Biz aşağıda imzası bulunanlar, bu katliamı şiddetle lânetliyoruz zira bu, insan varlığına, insan haysiyetine, özgürlüğe, demokrasiye yönelik bir saldırıdır. Ve herkesi olup-bitenlere dair dikkatli ve duyarlı olmaya davet ediyoruz. Aksi halde olup-bitenlere seyirci kalarak şeylerin seyrini değiştirmek mümkün değildir.

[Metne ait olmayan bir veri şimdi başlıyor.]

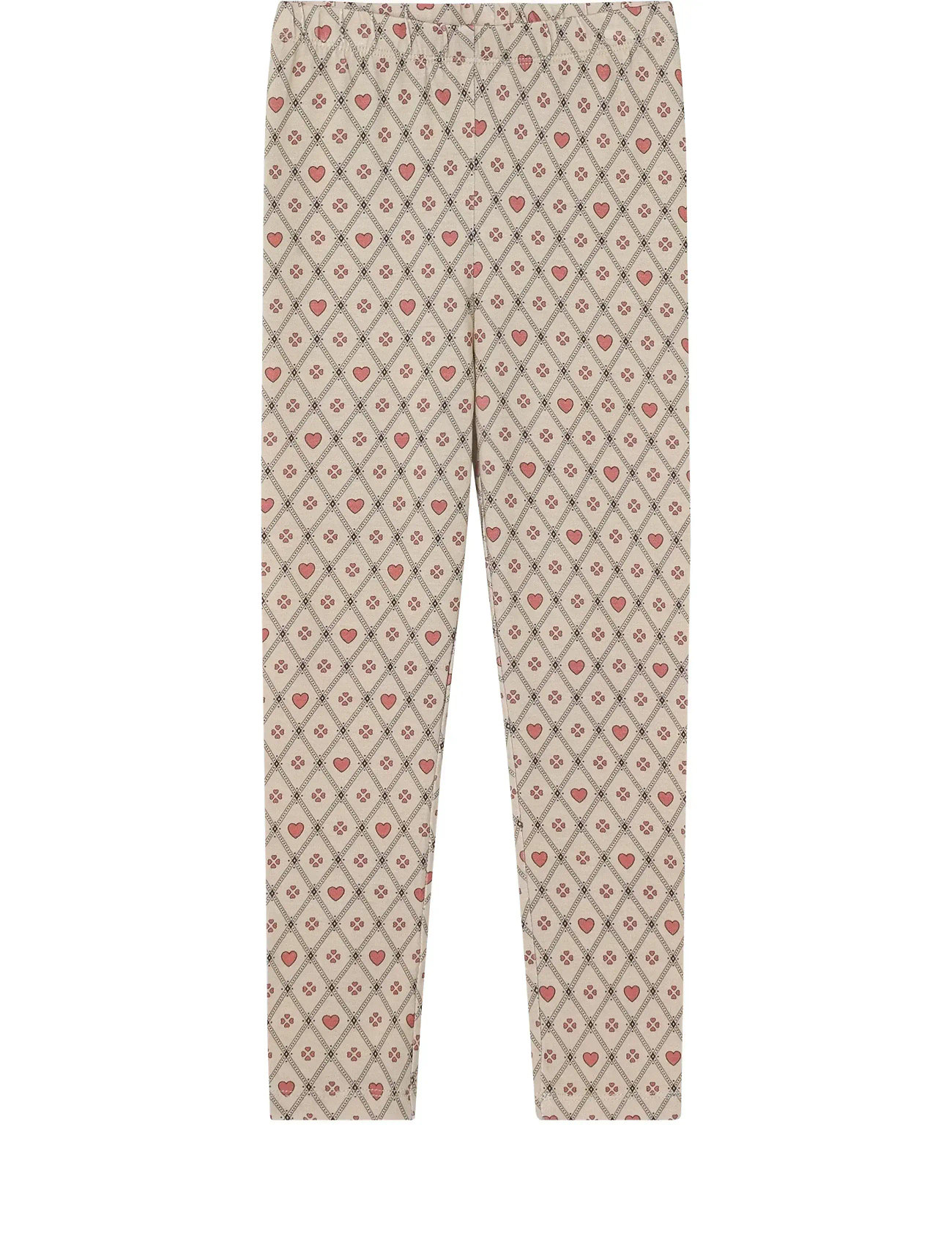FLIINK Kelly Heart Leggin Beige - 5 Y - Kinder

Abud Can, Adil Okay, Adnan Genç, Attila Tuygan,Baskın Oran,Betül Tanbay,Bülent Tekin, Celal İnal, Cennet Bilek, Doğan Özgüden, Eflan Topaloğlu, Erkan Metin, Ertuğrul Gümüş, Fikret Başkaya, Haldun Açıksözlü, İbrahim Seven, İnci Tuğsavul, İsmail Beşikçi, Mahmut Konuk, Murad Mıhçı, Mustafa Güneş, Muzaffer Erdoğdu, Nadya Uygun, Nivart Bakırcıoğlu, Pınar Ömeroğlu, Ramazan Gezgin, Sabahattin Şerif, Sait Çetinoğlu, Sennur Baybuğa, Serdar Koçman, Ufuk Uras, Yalçın Ergündoğan, Zeynep Tanbay
DESAM: Charlie Hebdo’ya yapılan saldırıyla Hrant Dink’e yapılan saldırının amacı aynı
DESAM Başkanı Gürkan Avcı, Fransa'nın başkenti Paris'te haftalık mizah dergisi Charlie Hebdo'nun ofisine düzenlenen 12 kişinin öldüğü silahlı saldırıyı insanlık dışı bir terör saldırısı olarak gördüklerini söyleyerek kınadı.
Yapılan terör saldırısını tüm insanlığa yapılmış bir saldırı olarak gördüklerini söyleyen, Demokrasi ve Eğitim Stratejik Araştırmalar Merkezi (DESAM) Başkanı Gürkan Avcı, “Katillerin dini, milliyeti ve kimliği ne olursa olsun, hangi amaç uğruna yapılmış olursa olsun bu menfur olayı şiddetle ve nefretle kınıyor, kabul edilemez buluyoruz. Hazreti Peygamberin karikatürünü gerekçe göstererek bu insanlık dışı saldırıyı yapanlar ve destekleyenler en başta ve daha çok dünya kardeşliğine, huzur ve barışına zarar vermişlerdir. Fransa’nın ve bu saldırıda hayatını kaybedenlerin yakınlarının acısını paylaşıyoruz” dedi.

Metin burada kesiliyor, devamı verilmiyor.